■ EXERCISE INSTRUCTIONS: Check every line below for the word "Moderne" and copy each one that has it.

(Beginning of DATA)

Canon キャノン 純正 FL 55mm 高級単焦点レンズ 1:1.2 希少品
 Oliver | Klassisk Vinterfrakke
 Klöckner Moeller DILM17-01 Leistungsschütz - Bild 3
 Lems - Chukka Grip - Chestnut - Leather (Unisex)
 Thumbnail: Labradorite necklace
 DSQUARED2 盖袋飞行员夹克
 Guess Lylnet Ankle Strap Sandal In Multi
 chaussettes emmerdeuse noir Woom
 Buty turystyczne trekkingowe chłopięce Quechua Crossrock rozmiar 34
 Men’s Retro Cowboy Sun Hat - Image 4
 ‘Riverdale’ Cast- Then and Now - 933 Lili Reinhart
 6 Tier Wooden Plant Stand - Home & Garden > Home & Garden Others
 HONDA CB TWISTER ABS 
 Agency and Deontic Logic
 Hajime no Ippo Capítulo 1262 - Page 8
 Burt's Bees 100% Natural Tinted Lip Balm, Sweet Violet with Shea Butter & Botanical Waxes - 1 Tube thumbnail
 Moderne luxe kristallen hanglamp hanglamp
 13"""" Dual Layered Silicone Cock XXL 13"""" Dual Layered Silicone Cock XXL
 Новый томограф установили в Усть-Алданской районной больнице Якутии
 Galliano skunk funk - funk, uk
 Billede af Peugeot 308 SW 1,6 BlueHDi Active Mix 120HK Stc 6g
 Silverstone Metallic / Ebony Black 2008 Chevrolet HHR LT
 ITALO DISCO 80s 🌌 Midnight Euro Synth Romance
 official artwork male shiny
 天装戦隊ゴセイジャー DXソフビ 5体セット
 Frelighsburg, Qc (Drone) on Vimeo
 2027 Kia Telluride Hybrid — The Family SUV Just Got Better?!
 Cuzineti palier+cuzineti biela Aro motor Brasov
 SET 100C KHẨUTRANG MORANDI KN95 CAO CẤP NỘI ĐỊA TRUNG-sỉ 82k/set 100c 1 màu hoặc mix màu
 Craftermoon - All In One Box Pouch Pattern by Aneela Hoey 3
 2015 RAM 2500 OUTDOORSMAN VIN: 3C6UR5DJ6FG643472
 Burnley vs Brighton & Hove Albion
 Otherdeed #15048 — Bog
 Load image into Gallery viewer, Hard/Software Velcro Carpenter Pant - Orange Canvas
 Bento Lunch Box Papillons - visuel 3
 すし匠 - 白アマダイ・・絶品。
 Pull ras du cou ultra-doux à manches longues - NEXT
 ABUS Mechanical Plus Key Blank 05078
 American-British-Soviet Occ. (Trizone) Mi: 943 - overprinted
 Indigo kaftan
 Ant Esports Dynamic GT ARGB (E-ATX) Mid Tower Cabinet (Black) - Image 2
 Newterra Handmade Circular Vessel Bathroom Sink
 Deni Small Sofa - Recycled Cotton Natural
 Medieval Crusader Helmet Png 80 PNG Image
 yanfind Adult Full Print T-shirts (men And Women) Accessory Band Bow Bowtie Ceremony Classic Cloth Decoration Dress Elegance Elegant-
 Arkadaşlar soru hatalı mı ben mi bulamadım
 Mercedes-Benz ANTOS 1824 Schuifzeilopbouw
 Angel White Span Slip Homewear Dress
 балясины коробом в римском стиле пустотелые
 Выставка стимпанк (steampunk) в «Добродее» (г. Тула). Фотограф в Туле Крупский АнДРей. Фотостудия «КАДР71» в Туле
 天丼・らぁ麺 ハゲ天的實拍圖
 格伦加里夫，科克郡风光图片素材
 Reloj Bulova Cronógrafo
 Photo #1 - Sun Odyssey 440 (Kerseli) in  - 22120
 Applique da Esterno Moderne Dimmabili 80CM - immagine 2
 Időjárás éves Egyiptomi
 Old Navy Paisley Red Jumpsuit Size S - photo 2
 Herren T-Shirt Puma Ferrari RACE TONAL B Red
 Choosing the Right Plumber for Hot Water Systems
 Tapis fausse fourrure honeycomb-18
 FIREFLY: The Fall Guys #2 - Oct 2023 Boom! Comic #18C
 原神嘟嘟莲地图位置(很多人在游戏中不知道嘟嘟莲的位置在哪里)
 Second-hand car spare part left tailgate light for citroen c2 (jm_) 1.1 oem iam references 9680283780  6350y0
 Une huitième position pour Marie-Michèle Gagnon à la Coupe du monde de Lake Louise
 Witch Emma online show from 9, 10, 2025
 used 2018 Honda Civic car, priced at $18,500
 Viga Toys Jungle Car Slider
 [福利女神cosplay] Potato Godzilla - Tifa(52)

(End of DATA)

■ TASK RESPONSE:
 Moderne luxe kristallen hanglamp hanglamp
 Applique da Esterno Moderne Dimmabili 80CM - immagine 2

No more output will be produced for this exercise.